_Activity_: Copy out the entire listing, keeping each line exactly as it is.
-------- Information provided --------
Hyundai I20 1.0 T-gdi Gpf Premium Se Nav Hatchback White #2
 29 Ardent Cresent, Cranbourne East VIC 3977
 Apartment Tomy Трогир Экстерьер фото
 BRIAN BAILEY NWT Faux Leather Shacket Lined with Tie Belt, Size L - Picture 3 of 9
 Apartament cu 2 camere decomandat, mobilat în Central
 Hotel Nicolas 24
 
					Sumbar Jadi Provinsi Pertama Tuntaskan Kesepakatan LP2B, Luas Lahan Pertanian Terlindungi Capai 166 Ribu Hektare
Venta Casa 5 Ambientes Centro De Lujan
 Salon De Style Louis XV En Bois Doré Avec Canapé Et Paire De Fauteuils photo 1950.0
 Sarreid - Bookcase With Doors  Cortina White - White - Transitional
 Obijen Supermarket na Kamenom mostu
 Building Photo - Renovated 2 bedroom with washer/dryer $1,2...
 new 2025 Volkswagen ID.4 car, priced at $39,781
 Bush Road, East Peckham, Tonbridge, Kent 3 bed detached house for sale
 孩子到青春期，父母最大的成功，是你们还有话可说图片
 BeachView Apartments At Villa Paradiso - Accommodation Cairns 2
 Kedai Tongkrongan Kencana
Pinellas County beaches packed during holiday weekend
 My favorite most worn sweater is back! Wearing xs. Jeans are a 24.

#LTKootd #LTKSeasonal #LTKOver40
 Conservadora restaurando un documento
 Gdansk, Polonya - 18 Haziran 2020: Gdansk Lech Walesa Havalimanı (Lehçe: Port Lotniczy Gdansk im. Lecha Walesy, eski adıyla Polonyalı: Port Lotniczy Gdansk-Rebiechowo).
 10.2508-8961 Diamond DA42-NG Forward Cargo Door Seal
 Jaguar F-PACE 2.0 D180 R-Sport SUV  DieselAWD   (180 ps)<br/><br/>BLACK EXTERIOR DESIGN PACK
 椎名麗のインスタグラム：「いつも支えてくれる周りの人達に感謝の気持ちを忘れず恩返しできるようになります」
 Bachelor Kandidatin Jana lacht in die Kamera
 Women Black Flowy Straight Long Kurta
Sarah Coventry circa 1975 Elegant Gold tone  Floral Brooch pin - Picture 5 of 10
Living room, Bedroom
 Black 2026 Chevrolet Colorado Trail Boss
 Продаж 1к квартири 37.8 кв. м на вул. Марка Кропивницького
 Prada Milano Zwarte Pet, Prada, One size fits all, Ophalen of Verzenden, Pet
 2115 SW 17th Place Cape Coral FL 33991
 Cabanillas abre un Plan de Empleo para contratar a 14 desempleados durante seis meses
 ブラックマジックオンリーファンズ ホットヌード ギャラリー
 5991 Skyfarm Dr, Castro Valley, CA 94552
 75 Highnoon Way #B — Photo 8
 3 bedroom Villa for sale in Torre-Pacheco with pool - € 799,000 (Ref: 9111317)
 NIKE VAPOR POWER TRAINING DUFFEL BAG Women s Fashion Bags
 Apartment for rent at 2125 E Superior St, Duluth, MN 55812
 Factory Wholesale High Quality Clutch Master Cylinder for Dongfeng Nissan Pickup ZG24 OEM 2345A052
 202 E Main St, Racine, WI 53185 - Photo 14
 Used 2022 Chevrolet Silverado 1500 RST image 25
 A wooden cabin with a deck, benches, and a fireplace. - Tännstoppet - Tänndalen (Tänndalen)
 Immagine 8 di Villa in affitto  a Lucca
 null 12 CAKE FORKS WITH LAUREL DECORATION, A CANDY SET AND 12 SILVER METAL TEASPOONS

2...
--------
_Task response_:
Hyundai I20 1.0 T-gdi Gpf Premium Se Nav Hatchback White #2
 29 Ardent Cresent, Cranbourne East VIC 3977
 Apartment Tomy Трогир Экстерьер фото
 BRIAN BAILEY NWT Faux Leather Shacket Lined with Tie Belt, Size L - Picture 3 of 9
 Apartament cu 2 camere decomandat, mobilat în Central
 Hotel Nicolas 24
 
					Sumbar Jadi Provinsi Pertama Tuntaskan Kesepakatan LP2B, Luas Lahan Pertanian Terlindungi Capai 166 Ribu Hektare
Venta Casa 5 Ambientes Centro De Lujan
 Salon De Style Louis XV En Bois Doré Avec Canapé Et Paire De Fauteuils photo 1950.0
 Sarreid - Bookcase With Doors  Cortina White - White - Transitional
 Obijen Supermarket na Kamenom mostu
 Building Photo - Renovated 2 bedroom with washer/dryer $1,2...
 new 2025 Volkswagen ID.4 car, priced at $39,781
 Bush Road, East Peckham, Tonbridge, Kent 3 bed detached house for sale
 孩子到青春期，父母最大的成功，是你们还有话可说图片
 BeachView Apartments At Villa Paradiso - Accommodation Cairns 2
 Kedai Tongkrongan Kencana
Pinellas County beaches packed during holiday weekend
 My favorite most worn sweater is back! Wearing xs. Jeans are a 24.

#LTKootd #LTKSeasonal #LTKOver40
 Conservadora restaurando un documento
 Gdansk, Polonya - 18 Haziran 2020: Gdansk Lech Walesa Havalimanı (Lehçe: Port Lotniczy Gdansk im. Lecha Walesy, eski adıyla Polonyalı: Port Lotniczy Gdansk-Rebiechowo).
 10.2508-8961 Diamond DA42-NG Forward Cargo Door Seal
 Jaguar F-PACE 2.0 D180 R-Sport SUV  DieselAWD   (180 ps)<br/><br/>BLACK EXTERIOR DESIGN PACK
 椎名麗のインスタグラム：「いつも支えてくれる周りの人達に感謝の気持ちを忘れず恩返しできるようになります」
 Bachelor Kandidatin Jana lacht in die Kamera
 Women Black Flowy Straight Long Kurta
Sarah Coventry circa 1975 Elegant Gold tone  Floral Brooch pin - Picture 5 of 10
Living room, Bedroom
 Black 2026 Chevrolet Colorado Trail Boss
 Продаж 1к квартири 37.8 кв. м на вул. Марка Кропивницького
 Prada Milano Zwarte Pet, Prada, One size fits all, Ophalen of Verzenden, Pet
 2115 SW 17th Place Cape Coral FL 33991
 Cabanillas abre un Plan de Empleo para contratar a 14 desempleados durante seis meses
 ブラックマジックオンリーファンズ ホットヌード ギャラリー
 5991 Skyfarm Dr, Castro Valley, CA 94552
 75 Highnoon Way #B — Photo 8
 3 bedroom Villa for sale in Torre-Pacheco with pool - € 799,000 (Ref: 9111317)
 NIKE VAPOR POWER TRAINING DUFFEL BAG Women s Fashion Bags
 Apartment for rent at 2125 E Superior St, Duluth, MN 55812
 Factory Wholesale High Quality Clutch Master Cylinder for Dongfeng Nissan Pickup ZG24 OEM 2345A052
 202 E Main St, Racine, WI 53185 - Photo 14
 Used 2022 Chevrolet Silverado 1500 RST image 25
 A wooden cabin with a deck, benches, and a fireplace. - Tännstoppet - Tänndalen (Tänndalen)
 Immagine 8 di Villa in affitto  a Lucca
 null 12 CAKE FORKS WITH LAUREL DECORATION, A CANDY SET AND 12 SILVER METAL TEASPOONS

2...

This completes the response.